**What is needed**
Find the lines below that include the word "MAZDA" and state how many there are, adding nothing.

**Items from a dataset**
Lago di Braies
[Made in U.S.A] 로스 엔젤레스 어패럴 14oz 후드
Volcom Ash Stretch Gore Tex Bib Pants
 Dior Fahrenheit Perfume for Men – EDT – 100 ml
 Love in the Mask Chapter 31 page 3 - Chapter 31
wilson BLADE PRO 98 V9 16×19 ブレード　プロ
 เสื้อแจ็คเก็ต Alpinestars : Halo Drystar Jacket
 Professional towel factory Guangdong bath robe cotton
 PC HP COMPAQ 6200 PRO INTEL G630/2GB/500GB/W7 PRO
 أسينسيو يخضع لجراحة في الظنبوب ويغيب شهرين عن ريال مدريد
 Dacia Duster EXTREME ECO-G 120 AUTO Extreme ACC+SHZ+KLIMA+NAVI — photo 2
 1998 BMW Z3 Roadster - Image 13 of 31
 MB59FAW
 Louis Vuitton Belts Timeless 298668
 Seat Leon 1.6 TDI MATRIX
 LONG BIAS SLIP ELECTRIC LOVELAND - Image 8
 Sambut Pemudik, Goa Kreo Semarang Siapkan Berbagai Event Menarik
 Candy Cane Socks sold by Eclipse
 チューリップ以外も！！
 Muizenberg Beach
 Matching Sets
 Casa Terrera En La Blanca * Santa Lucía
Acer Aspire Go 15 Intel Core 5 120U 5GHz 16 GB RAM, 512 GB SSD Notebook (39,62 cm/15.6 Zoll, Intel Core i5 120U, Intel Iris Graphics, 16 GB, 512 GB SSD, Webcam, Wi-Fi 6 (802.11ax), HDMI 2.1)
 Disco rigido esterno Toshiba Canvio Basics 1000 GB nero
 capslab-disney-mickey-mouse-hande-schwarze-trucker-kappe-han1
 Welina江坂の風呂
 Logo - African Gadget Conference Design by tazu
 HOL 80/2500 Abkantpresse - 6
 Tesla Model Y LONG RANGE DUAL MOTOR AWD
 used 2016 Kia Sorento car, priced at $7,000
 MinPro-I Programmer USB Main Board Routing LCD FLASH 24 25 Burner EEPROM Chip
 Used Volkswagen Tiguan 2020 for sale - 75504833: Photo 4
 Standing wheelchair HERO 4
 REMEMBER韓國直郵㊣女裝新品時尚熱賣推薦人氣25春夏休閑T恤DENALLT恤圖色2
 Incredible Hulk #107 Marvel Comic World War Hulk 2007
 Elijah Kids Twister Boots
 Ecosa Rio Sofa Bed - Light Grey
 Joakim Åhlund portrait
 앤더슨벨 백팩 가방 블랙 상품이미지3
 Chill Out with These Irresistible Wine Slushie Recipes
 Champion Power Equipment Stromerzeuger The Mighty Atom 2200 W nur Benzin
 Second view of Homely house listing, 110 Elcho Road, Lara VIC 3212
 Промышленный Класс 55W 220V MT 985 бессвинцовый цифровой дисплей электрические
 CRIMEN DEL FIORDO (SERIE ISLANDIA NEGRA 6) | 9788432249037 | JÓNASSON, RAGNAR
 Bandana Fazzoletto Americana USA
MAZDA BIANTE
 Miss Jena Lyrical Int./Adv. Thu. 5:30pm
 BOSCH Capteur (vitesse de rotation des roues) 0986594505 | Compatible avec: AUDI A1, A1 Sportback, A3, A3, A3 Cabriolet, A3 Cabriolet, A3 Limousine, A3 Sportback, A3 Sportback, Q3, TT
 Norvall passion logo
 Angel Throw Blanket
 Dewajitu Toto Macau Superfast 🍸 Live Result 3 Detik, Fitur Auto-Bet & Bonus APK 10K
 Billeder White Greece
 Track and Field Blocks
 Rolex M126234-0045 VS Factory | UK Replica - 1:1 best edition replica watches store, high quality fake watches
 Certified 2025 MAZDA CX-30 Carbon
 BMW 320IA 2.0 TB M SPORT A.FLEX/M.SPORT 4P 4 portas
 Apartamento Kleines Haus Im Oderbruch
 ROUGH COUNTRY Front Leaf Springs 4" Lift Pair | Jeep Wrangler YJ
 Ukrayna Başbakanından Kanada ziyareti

**Task answer**
2